12.9.1.	It is possible that the team leaders in our dataset do not actually have substantial differences in their management skills and time efficiency. Although it seems unlikely, it is not out of the question, since they are all evaluated and trained to conduct their assignments in a similar fashion, and particularly in light of the test company’s practice of rotating a Quality and Training Manager among Team Leaders daily.
12.9.2.	It is possible that efficiencies by the team leader might be insignificant as compared to the overall efficiencies in cleaning, and that the team leader cannot influence the efficiency of the team as a whole.
12.9.3.	Less intensive training and evaluation, or a different payroll scheme, might allow for more diversity among Team Leader skills, in which cases this variable might reveal some significance.
12.9.4.	An analysis of efficiency by all team members, not just Team Leaders, may have allowed us to capture some significant element relating to efficiency. While this may be considered for future analysis, further work in this respect was not undertaken as part of this study.

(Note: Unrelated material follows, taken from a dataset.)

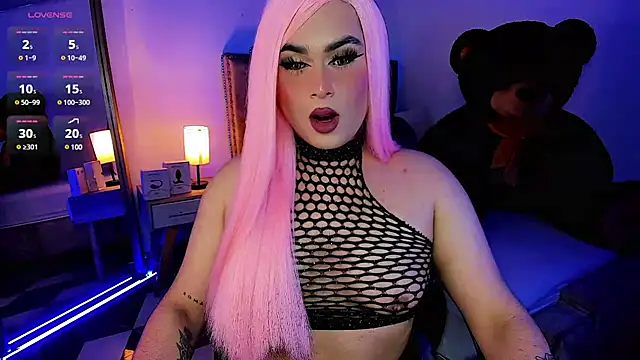 alexia mattel online show from February 8, 3:52 am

12.9.5.	Toilets with and without Shower in Use: It is counter-intuitive that cleaning a toilet with and without shower in use would take about the same amount of time, approximately 32 man-minutes, and the coefficients are suspected to be biased. This can be explained by the asymmetry of the data in terms of number of showers in use. About half of the observations have only 1 shower in use. Consequently, we might be overestimating the coefficient on the number of toilets without showers in use. We tried to estimate the model on the observations with only more than 1 shower in use and found that the increase in man-minutes corresponding to a one-unit increase of the number of toilets without showers in use decreases to about 16 man-minutes.